All these conferences are great in their own way, and it’s common for organisers to exchange ideas and to cooperate, so it’s not a question of competition. Every conference also has a slightly different focus. At NEXT Berlin, we focus on the digital economy, and we try to get the European angle on things.

Looking back at the previous conferences (NEXT 2011 & NEXT 2012), what major changes have you made this year? How is the content different?  What are the conference trends this year?

At NEXT Berlin, we always look at what’s next. In the last few years, we found several dominating trends. To name just two: More and Big Data (our theme “data love”), the merging of physical and digital worlds (“post-digital”). This year, we see a nodal point where the macro trends of the last few years re-connect and shift the landscape in interesting and quite unpredictable ways.[3] We can name the dominating topics, but the reality for the next few years is too complex for easy predictions. That’s what inspired our theme this year: Here Be Dragons.

What would be your advice to make the most out of NEXT Berlin?

Pick the key presentations you absolutely don’t want to miss, and then a few on topics you don’t know much about, to learn something new. And then go out there and talk to as many people as you can, as conferences are all about meeting new folks, about networking, about finding future collaborators.

As a successful, active entrepreneur and innovator, what do you like most about your work?

I get to work with great, smart, inspiring people, and on constantly changing topics and challenges. It just never gets boring.

What role does Berlin play in the projects you get involved in?

For one, Berlin has been my home for most of the last decade. This means it’s where I know lots of people and collaborators. It’s also currently a place with tremendous energy. Gone are the slacker days, Berlin has really arrived on the global map for tinkerers, innovators, entrepreneurs and artists. Altogether, this means it’s a perfect place to get from idea to a full-on collaboration very quickly.

Has Berlin had an impact on shaping your personality and interests? If yes, in which way?

I might be over-interpreting, but to me Berlin has always been a city that works a little like the Internet: it’s quite decentralised; it has a strong bottom-up or grassroots culture. It’s easy to connect the dots and make things happen, even on a shoestring. This, and the cosmopolitan nature of Berlin, the international scene here, has certainly shaped me in many ways.

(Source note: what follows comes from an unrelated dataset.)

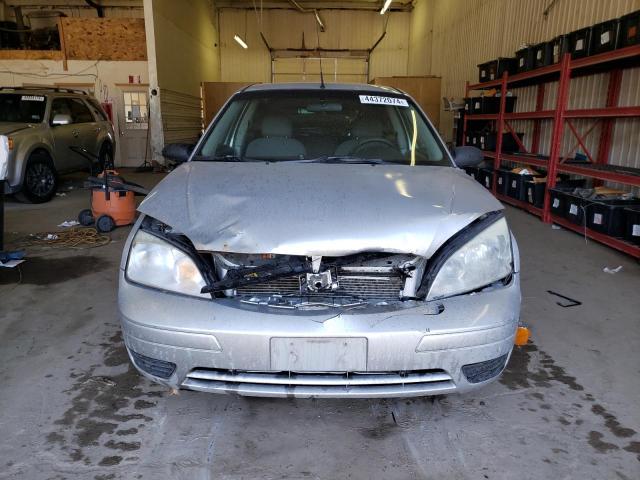 1FAFP31N47W169386 - 2007 FORD FOCUS ZX3 SILVER photo 5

It’s just a great home base.

Where did your interest in entrepreneurship and digital innovations come from?

I never planned to become an entrepreneur, and even writing this now sounds somewhat odd. I’ve just always been interested in the web and how it works and, more importantly, how it can be used to connect people and build communities. From there on, it was just a matter of tinkering and keeping eyes and ears open.

What are you working on these days?

A number of things: I wear several hats depending on the context. While it might seem confusing or odd, all these roles really complement each other nicely. So: I’m program director for NEXT Berlin, a role I share with Monique van Dusseldorp. I work as a freelance consultant for digital strategy. And I recently co-founded Makers Make, an early stage company that helps independents manufacture products on-demand and at scale. The 3D printing and manufacturing sphere has become incredibly interesting, and we’re still looking at the tip of the iceberg.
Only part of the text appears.